Supreme Court refuses to hear Redskins’ naming case
The Supreme Court has refused to hear a case brought by Native American activists regarding the use of the trademark name Redskins for the Washington-based football team. This case involved a long running dispute over the name that is several decades old. The activists claim:
“[T]he Washington Redskins’ team name is so offensive that it does not deserve trademark protection.”
The decison, which happened without comments, lets stand the lower court decision that the complaintants let the case go too long before bringing suit.
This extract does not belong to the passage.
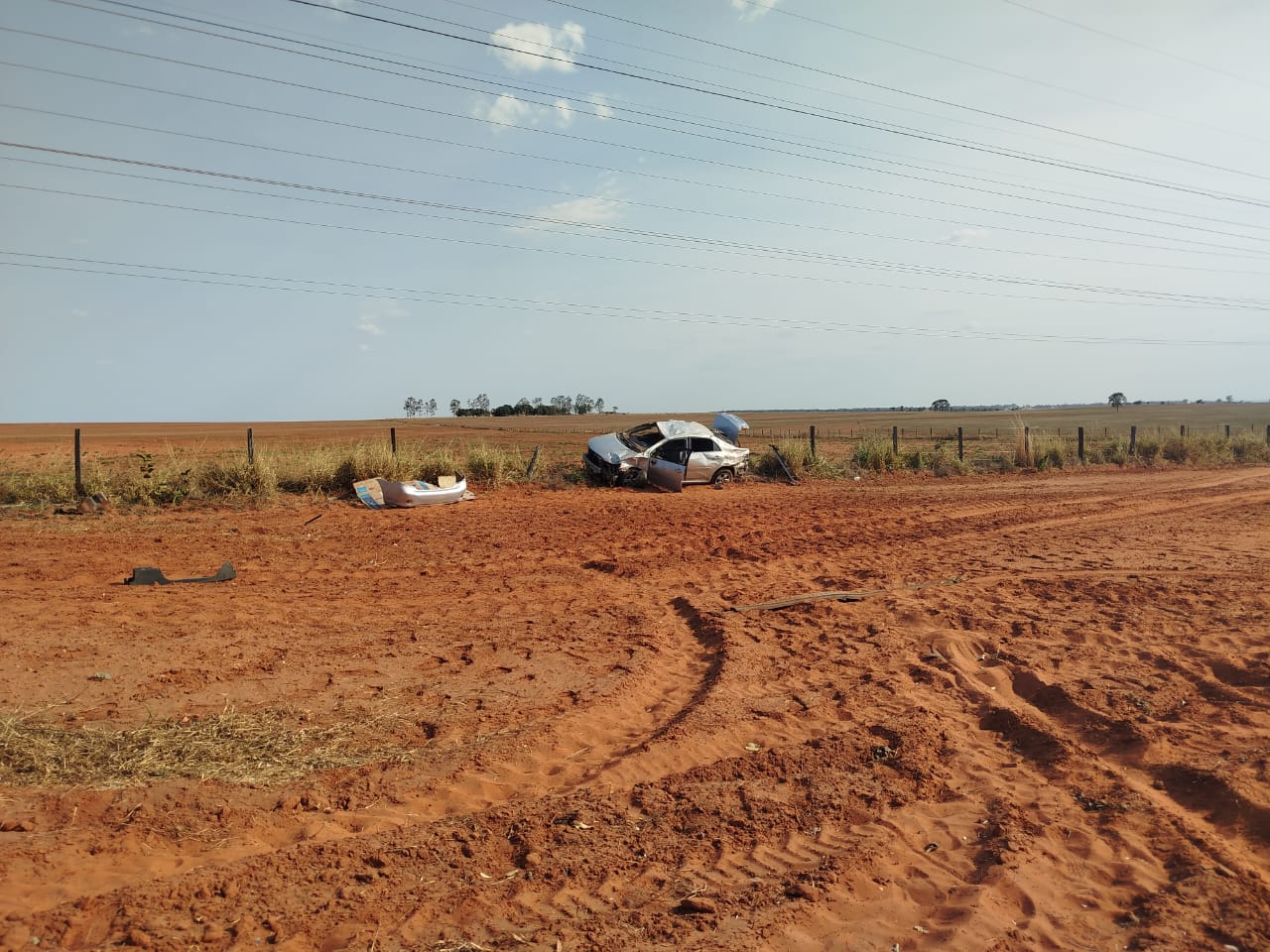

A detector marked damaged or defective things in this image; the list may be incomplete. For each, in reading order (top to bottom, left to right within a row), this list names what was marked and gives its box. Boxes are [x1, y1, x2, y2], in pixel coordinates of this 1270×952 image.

crumpled car hood [588, 433, 640, 467]
wrecked silver car [586, 414, 751, 492]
The Washington Redskins have been named as such since 1937 when the name was changed from the Boston Braves, when the team moved south.
According to the Washington Post:
The lawsuit was filed in 1992, when seven activists challenged a Redskins trademark issued in 1967. They won seven years later in a decision by the Trademark Trial and Appeal Board, which said the name could be interpreted as offensive to Native Americans. The case is Harjo v. Pro-Football, Inc.
Trademark law prohibits registration of a name that “may disparage . . . persons, living or dead, . . . or bring them into contempt, or disrepute.”
The team appealed to federal court.
Judges at the district and circuit levels said the activists’ trademark cancellation claim was barred by the doctrine of laches, which serves as a defense against claims that should have been made long ago.
The activists argued that disparaging trademarks can be challenged at any time, citing a decision from the U.S. Court of Appeals for the 3rd Circuit. The decision was written by then-judgeSamuel A. Alito Jr., who now sits on the Supreme Court.
Apparently the rest of the world disagrees with the activists. There will always be someone who doesn’t like a team name or mascot. This seems like a frivolous lawsuit to me, especially when a team name is held in high esteem.